Performance on the visuomotor adaptation task for the No-load and Attention-load groups (mean ± SE, n = 9 in each group). (A) Reaching trajectories for two representative participants of the No-load group (left) and Attention-load group (right). The horizontal lines in each trajectory indicate where error was measured. (B) Reach error. (C) Reaction time. (D) Movement time.
Figure 2
 
Performance on the visuomotor adaptation task for the No-load and Attention-load groups (mean ± SE, n = 9 in each group). (A) Reaching trajectories for two representative participants of the No-load group (left) and Attention-load group (right). The horizontal lines in each trajectory indicate where error was measured. (B) Reach error. (C) Reaction time. (D) Movement time.
To examine whether there was difference in trajectories between the No- and Attention-load groups, we used the Linearity index (LI), which is the ratio of the maximal deviation perpendicular to a straight line between the start and end of movements and the length of that straight line (Atkeson & Hollerbach, 1985). LI = 0 indicates a perfect straight movement, while 0.5 indicates a semi-circle. We used a two-way ANOVA with Groups (No-load, Attention-load) and Trials as between group factor and repeated measures factor, respectively, and participants as a random factor. This analysis during the Baseline (last 40 trials) revealed no significant main effect of Groups, F(1, 16) = 0.006, p = 0.94; no significant main effect of Trials, F(39, 624) = 0.90, p = 0.64, and no significant interaction, F(39, 624) = 0.57, p = 0.98. During the Training phase (all 70 trials), there was no significant main effect of Groups, F(1, 16) = 0.96, p = 0.34; a significant main effect of Trials, F(69, 1104) = 1.64, p = 0.001; and no significant interaction, F(69, 1104) = 0.88, p = 0.74. The Trials main effect was caused by a reduction of LI across the first ∼20 trials.

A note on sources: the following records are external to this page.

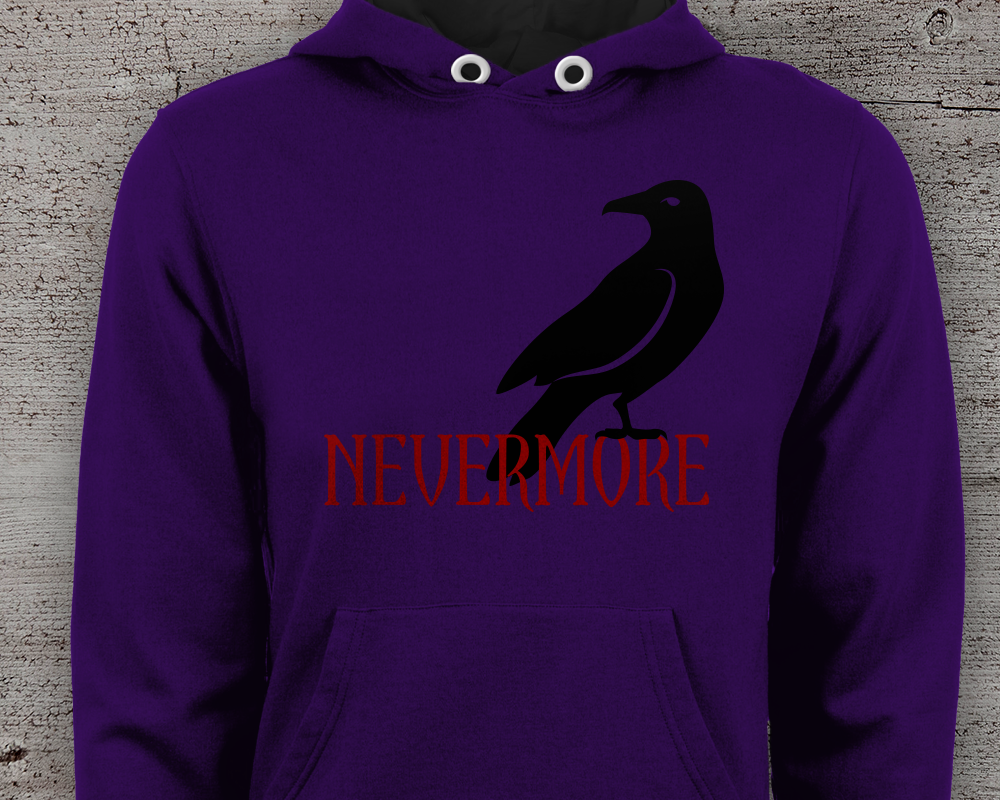 Raven design that says "nevermore" beneath it.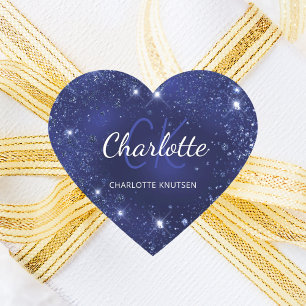 Blue glitter dust monogram name heart sticker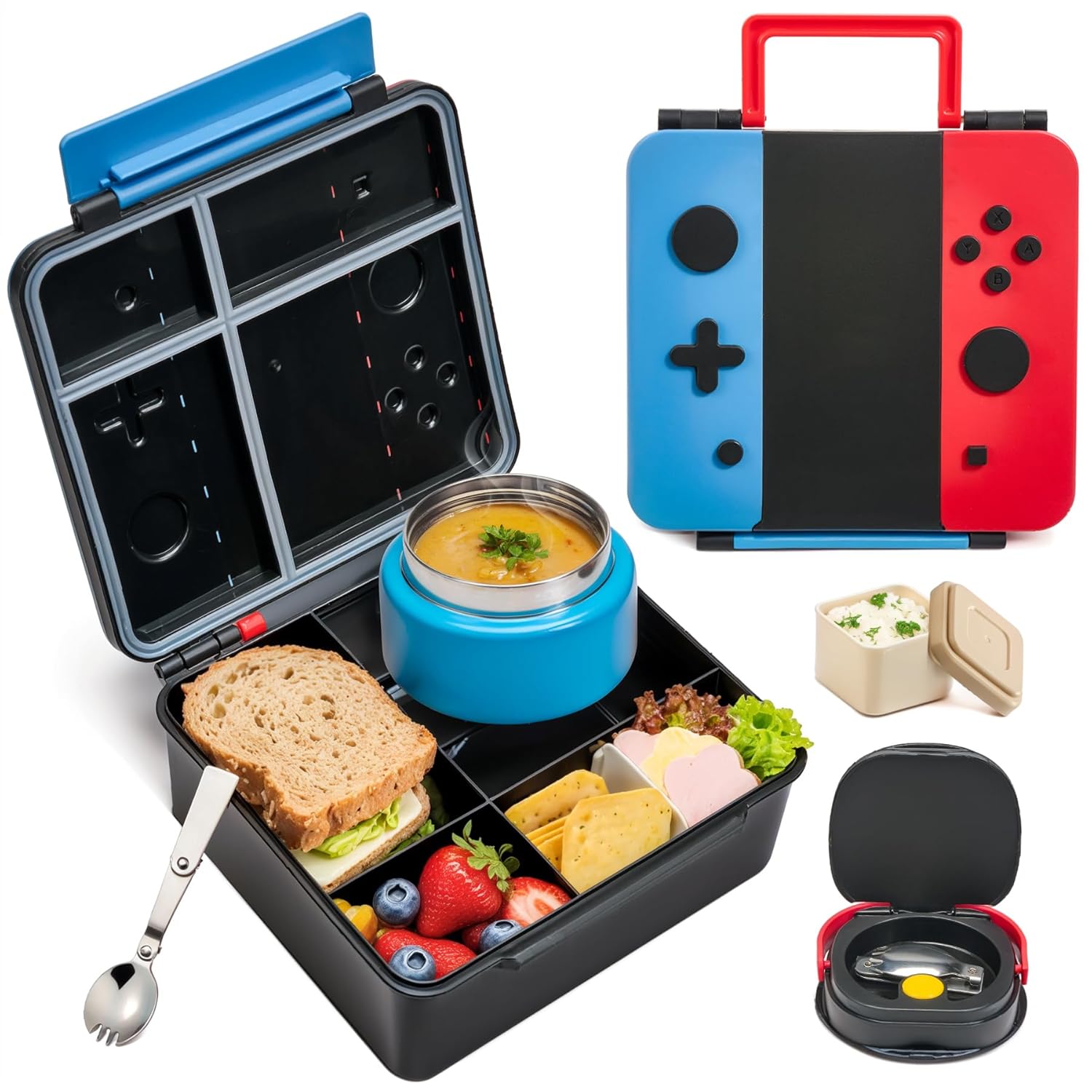 Game Bento Box for Kids Lunch Box with Thermo 9oz Food Jar Folding Spoon Removable Divider Sauce Cup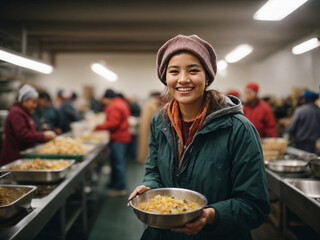 Wall Mural - volunteers working handing out food on thanksgiving day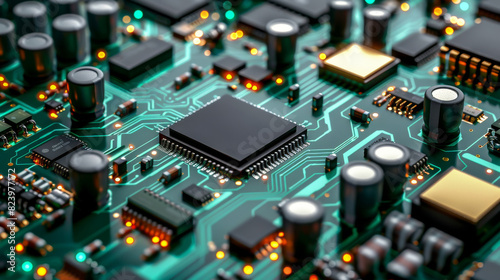 High detail macro of circuit board with integrated chip and electronic components
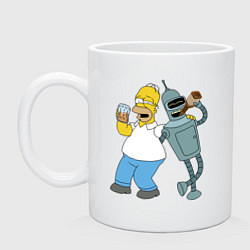 Кружка керамическая Drunk Homer and Bender, цвет: белый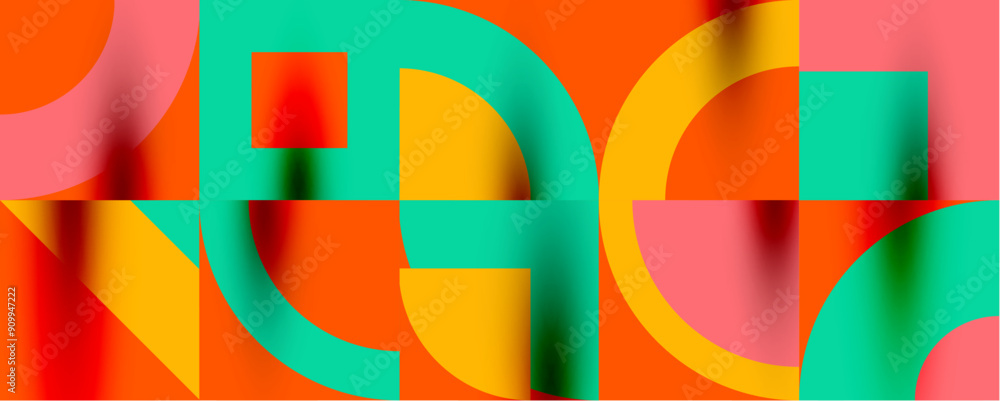 Fototapeta premium Neo memphis geometric pattern with circles, squares. Pop art abstract background for covers, banners, flyers and posters and other templates
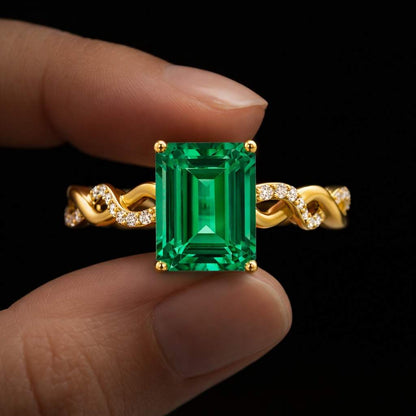 Emerald Cut Green Gemstone Engagement Ring, Twisted Pave Band Ring, IGI Certified Diamond Ring, Yellow Gold Wedding Ring, Bridal Jewelry
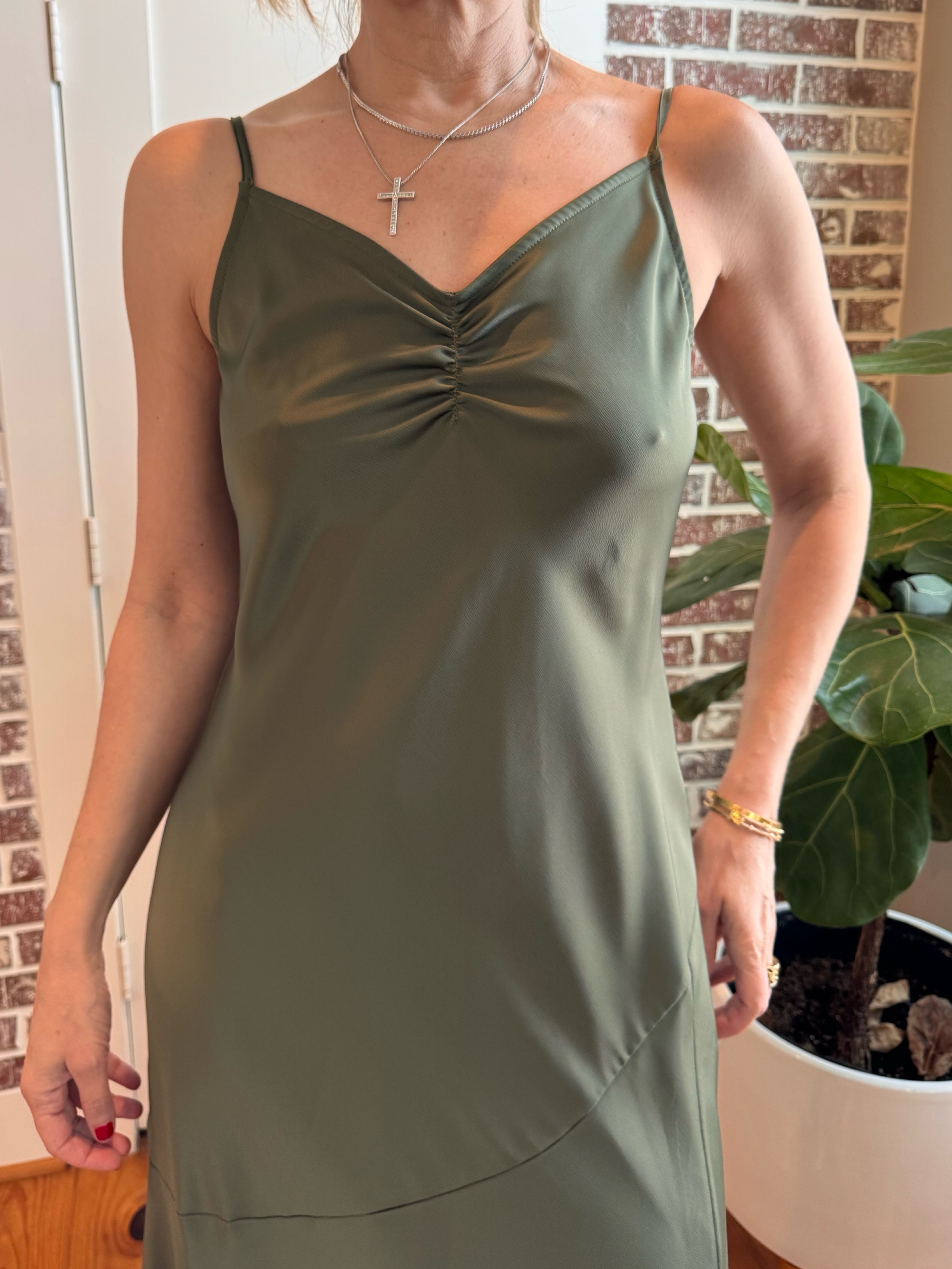 banana republic green slip dress Banana Republic Womens Green Slip Midi Dress Square Neck Size S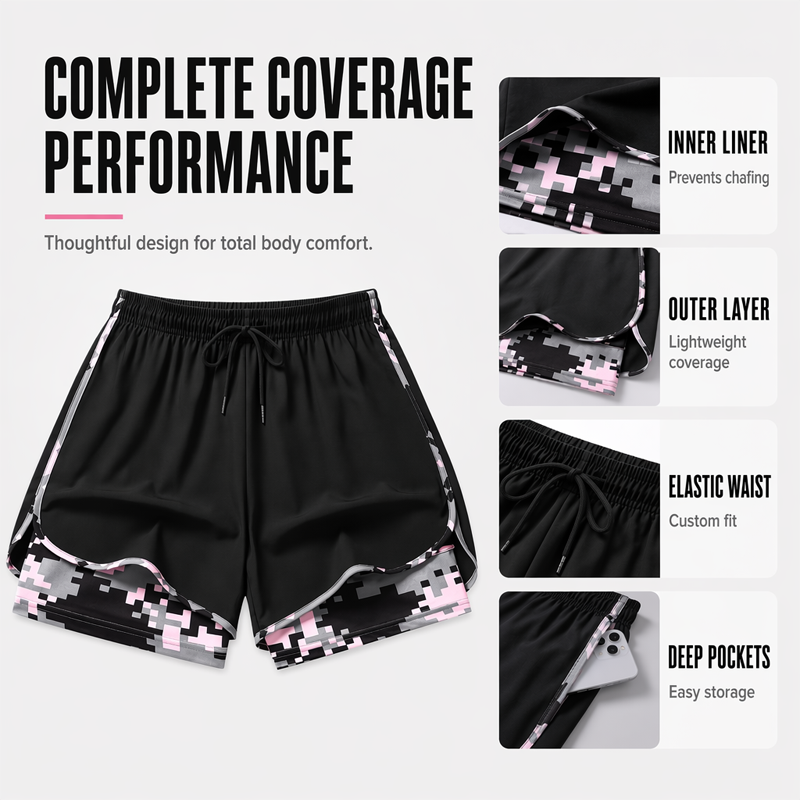 🎁New Arrivals 50% OFF💥Women's Casual Athletic Shorts with Built-in Liner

Finally, during the Generalization phase the analysis did not reveal a significant main effect of Groups, F(1, 16) = 0.001, p = 0.97; no significant main effect of Trials, F(48, 768) = 0.88, p = 0.70; and no significant interaction, F(48, 768) = 0.82, p = 0.81. 
Next, we examined whether divided-attention during Training affected visuomotor adaptation for the trained target (Figure 2B). In the Training phase, both groups reduced reach error similarly across the Training phase and attained comparable level of performance by the end of the phase. This is confirmed statistically by a two-way ANOVA with Groups (No-load, Attention-load) and Trials (all trials) and participants as a random factor, which revealed no significant main effect of Groups, F(1, 16) = 0.02, p = 0.89; an expected significant main effect of Trials, F(69, 1104) = 7.65, p < 0.0001, reflecting error decreasing over trials; and no significant interaction, F(69, 1104) = 0.95, p = 0.59. Thus, dividing attention via the RSVP task did not influence the rate of adaptation during the Training phase. 
Furthermore, there was no difference in RT and MT between the No-load and Attention-load groups. Concerning RT (Figure 2C), there was no apparent group difference but a slight decrease of RT across trials. This is confirmed statistically by a two-way ANOVA that revealed no significant main effect of Groups, F(1, 16) = 0.003, p = 0.95; a significant main effect of Trials, F(69, 1104) = 1.58, p = 0.002; and a significant interaction, F(69, 1104) = 1.33, p = 0.04. The interaction was caused by two trials (31 and 32) with higher RT for the No-load than the Attention-load groups. Concerning MT (Figure 2D). There was no apparent group difference but again a slight decrease of MT across the trials. This is confirmed statistically by a two-way ANOVA that revealed no significant main effect of Groups, F(1, 16) = 1.06, p = 0.32; a significant main effect of Trials, F(69, 1104) = 1.36, p = 0.03; and no significant interaction, F(69, 1104) = 0.96, p = 0.57. Thus, attention allocation did not alter reaching strategies in the visuomotor task, either. 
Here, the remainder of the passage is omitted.